Awareness of Mortality

In 1909 Anthony William Brown was formally appointed as the new headmaster of Michaelhouse. Although a young and relatively inexperienced man (he was only 30 years old) , he was an excellent scholar and an enthusiastic sportsman.

©Roger de la Harpe

Two important events in the history of Michaelhouse coincided with his term in office. 

The first of these was the setting up of the preparatory school Cordwalles on Town Hill. The aim of the preparatory school - established through the financial generosity of Bishop Baines - was to provide Michaelhouse with a 'steady stream of well-drilled recruits'.

The second event was the receipt by the school of a number of generous donations and interest-free loans, which took off the shoulders of the young headmaster the burden of trying to make ends meet. Brown was therefore freed to throw his efforts into raising the academic standards of the school, encouraging reading and appealing for donations of books to the library. 

By the time the First World War broke out, Michaelhouse was an established and growing school, with 92 boys on the register. A sanatorium (built in time to handle the scarlet-fever epidemic of 1914, which eventually forced the temporary closure of the school) and - at last - a septic system for the lavatories. 

200 Old Boys sewed in the Great War; 43 of them died. And so the war brought to Michaelhouse the same awareness of mortality that it did to so many schools in South Africa - but in the case of Michaelhouse the reality of the loss was brought home doubly hard by the death on active service, in 1916, of Anthony Brown.

Michaelhouse Chapel

©Roger de la Harpe
The Michaelhouse Chapel contains a memorial to the men who lost their lives in the Second World War.

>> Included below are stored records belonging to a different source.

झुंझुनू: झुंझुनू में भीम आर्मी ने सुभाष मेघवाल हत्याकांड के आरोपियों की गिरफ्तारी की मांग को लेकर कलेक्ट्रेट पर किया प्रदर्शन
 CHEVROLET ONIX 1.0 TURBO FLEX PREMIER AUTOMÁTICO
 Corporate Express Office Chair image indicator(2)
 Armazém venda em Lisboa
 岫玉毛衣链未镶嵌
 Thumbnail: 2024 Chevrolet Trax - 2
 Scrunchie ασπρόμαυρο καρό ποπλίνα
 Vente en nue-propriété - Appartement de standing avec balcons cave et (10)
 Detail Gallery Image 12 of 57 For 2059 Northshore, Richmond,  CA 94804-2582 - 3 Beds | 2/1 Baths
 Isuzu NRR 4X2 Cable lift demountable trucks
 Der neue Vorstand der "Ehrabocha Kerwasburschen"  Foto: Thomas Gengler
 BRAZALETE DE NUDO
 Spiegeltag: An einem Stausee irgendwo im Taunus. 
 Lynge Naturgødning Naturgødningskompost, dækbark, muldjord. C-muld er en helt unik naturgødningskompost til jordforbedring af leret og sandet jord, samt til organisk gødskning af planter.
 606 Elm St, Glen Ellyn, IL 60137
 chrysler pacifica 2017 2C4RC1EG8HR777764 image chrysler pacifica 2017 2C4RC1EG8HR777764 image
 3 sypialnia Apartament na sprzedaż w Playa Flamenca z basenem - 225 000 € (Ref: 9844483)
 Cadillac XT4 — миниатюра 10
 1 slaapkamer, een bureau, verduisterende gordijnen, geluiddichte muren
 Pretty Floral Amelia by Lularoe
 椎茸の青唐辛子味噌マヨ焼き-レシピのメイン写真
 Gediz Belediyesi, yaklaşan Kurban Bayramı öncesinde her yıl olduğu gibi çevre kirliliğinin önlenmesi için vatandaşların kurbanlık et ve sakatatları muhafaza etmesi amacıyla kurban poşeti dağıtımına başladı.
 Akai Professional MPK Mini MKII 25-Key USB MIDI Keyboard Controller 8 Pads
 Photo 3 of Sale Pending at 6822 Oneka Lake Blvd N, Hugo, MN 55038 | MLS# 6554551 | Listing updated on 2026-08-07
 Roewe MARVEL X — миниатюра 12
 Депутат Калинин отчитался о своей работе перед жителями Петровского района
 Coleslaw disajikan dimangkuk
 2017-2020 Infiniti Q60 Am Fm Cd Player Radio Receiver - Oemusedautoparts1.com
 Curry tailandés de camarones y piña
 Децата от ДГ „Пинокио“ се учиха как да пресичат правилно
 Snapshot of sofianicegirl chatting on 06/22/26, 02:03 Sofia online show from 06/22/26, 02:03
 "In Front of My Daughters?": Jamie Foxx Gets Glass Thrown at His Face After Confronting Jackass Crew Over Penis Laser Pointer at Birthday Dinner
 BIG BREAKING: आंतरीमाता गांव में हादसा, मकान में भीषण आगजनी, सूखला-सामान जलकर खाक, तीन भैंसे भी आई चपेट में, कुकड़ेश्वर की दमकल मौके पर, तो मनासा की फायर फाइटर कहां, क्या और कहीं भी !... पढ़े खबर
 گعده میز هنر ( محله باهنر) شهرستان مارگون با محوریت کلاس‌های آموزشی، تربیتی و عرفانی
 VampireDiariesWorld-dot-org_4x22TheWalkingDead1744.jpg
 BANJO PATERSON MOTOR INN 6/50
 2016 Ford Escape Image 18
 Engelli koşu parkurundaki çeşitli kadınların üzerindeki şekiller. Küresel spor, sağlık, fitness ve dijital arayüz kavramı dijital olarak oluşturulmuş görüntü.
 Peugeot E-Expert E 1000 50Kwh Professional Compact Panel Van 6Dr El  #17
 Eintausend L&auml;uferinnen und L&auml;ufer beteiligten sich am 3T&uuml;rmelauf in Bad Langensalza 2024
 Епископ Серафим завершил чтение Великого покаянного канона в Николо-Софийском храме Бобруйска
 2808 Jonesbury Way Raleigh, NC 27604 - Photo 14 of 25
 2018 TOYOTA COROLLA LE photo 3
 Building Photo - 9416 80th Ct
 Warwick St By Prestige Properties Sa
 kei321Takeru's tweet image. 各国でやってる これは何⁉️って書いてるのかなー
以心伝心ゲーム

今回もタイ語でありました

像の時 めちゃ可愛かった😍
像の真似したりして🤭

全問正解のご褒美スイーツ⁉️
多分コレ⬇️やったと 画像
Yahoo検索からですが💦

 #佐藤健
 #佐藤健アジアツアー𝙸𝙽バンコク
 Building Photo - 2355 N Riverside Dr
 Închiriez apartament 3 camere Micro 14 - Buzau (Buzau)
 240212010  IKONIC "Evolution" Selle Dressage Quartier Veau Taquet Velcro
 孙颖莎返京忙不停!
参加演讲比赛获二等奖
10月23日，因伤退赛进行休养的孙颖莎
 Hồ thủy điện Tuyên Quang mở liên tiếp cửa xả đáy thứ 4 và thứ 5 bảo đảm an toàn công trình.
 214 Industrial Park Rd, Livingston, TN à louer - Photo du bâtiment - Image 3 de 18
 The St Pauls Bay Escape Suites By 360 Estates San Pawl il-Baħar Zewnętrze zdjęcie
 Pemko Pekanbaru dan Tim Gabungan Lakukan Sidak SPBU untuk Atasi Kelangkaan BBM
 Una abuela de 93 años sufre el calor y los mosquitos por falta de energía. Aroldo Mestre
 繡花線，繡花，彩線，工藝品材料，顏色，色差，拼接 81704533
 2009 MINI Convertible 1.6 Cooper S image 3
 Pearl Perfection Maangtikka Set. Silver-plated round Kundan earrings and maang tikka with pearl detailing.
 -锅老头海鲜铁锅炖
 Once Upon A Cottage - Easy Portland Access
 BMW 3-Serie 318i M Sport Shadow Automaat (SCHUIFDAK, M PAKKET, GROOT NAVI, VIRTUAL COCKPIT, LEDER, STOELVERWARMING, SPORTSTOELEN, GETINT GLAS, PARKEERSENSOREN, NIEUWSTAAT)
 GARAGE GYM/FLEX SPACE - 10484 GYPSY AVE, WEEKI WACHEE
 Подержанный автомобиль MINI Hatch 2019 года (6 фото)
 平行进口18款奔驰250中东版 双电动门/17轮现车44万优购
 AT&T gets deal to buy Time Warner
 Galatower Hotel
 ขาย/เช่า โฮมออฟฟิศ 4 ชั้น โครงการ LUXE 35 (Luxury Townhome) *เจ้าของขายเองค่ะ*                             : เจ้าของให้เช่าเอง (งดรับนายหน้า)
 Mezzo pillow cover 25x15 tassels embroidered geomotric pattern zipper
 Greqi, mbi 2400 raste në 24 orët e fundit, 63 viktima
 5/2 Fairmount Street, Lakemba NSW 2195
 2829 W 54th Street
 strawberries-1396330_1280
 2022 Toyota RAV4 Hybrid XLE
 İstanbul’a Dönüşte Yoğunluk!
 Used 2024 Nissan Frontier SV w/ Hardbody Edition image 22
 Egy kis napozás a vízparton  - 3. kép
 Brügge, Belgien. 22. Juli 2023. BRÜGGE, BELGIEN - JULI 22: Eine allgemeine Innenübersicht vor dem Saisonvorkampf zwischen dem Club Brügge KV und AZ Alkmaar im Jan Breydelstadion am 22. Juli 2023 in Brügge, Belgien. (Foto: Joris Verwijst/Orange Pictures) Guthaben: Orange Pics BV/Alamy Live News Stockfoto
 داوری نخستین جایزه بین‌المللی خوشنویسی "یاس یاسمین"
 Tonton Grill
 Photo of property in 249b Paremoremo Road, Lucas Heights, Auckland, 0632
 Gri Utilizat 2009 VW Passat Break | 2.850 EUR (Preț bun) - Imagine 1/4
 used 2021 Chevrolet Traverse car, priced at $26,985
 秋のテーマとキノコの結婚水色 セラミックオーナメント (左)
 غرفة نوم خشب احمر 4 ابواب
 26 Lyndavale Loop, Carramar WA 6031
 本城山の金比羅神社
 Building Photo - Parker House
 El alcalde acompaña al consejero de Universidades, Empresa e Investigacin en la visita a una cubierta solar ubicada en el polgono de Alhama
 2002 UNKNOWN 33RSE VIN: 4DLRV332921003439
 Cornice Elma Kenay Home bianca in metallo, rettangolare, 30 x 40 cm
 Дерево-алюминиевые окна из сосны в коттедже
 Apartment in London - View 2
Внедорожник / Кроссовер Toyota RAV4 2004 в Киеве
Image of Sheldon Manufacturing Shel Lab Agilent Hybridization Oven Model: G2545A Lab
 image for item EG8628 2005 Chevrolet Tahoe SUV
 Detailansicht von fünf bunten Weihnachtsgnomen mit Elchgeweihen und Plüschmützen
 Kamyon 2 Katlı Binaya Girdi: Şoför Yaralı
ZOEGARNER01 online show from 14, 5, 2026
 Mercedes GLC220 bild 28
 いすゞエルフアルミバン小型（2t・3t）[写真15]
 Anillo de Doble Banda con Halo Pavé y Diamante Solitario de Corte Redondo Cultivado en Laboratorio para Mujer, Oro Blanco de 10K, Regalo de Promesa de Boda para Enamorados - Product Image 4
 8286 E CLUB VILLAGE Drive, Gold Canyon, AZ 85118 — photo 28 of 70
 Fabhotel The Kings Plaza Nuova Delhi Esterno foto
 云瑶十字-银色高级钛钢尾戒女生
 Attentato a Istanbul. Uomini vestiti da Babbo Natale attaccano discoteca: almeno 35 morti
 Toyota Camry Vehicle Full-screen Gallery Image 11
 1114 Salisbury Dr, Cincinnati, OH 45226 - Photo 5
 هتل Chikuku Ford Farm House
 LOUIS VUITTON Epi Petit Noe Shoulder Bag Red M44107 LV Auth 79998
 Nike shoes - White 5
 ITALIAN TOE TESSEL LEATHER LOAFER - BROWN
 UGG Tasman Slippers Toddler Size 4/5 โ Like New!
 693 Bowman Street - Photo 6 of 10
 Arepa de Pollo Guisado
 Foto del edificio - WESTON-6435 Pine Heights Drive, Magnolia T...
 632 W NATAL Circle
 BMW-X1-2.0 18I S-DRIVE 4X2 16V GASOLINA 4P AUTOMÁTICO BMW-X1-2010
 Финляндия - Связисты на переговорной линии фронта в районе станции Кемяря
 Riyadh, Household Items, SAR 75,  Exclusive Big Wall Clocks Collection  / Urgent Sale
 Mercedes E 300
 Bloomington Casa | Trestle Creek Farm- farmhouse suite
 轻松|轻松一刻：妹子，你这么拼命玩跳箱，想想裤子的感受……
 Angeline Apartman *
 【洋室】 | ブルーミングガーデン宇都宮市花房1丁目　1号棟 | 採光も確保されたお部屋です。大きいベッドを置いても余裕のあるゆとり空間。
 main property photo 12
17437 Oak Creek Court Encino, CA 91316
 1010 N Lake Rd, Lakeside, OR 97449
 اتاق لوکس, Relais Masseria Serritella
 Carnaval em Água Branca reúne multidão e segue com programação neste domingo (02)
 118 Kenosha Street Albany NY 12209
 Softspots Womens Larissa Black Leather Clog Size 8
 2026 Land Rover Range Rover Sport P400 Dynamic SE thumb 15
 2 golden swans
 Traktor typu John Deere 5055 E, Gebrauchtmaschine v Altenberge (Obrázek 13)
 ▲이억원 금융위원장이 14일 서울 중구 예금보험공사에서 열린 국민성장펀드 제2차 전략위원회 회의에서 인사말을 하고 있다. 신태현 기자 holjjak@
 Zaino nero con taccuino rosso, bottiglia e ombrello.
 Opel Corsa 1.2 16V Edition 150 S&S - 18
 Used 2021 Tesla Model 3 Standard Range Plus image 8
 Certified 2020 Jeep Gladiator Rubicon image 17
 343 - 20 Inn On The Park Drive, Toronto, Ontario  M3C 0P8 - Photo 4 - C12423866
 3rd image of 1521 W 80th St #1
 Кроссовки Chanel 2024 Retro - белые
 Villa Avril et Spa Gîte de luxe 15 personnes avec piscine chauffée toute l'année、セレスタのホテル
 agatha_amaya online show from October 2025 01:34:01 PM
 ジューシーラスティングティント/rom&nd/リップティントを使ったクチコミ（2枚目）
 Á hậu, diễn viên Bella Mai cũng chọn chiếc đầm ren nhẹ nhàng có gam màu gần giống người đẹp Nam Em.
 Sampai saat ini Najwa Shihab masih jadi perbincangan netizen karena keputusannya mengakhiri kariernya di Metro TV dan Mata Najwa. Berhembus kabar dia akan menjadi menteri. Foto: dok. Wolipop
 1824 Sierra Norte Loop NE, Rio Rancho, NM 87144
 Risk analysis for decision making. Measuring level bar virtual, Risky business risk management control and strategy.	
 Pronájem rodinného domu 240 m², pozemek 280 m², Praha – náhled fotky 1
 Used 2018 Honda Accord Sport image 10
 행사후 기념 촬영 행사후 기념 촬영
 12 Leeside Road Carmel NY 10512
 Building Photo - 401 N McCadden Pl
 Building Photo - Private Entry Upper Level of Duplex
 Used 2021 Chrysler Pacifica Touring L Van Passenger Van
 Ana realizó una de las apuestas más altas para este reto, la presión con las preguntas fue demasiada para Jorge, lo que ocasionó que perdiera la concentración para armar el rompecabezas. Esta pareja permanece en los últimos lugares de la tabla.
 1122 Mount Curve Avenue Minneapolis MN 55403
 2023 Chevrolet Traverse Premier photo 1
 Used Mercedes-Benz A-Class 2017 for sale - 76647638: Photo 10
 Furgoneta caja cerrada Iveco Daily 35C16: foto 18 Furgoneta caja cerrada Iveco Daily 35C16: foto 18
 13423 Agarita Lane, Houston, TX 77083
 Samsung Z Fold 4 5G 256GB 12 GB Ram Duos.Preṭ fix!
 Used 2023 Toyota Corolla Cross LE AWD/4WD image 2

Frederick Rowlandson Snell took up the post as the next rector of Michaelhouse in 1939. Only 35, he looked even younger than his years and brought to his task a vibrant energy and vitality. This was just as well, for the rigours of the Second World War, which broke out within Snell's first year of service, affected the school badly. As at other schools in the country, this marked the beginning of the entry of female teachers into the profession, as men were called up to the front line. 

The memorial to the men who gave their lives in the Second World War (1 200 served, most of them in the air force, 77 were decorated, 128 lost their lives) is the chapel, the last addition to be designed by Fleming, completed in 1949 and dedicated in 1952. Traditional in design, it was able to contain the whole school for the first time in 25 years. Its stained-glass rose window, enhanced by the stained-glass sanctuary windows, is one of the gems of the school.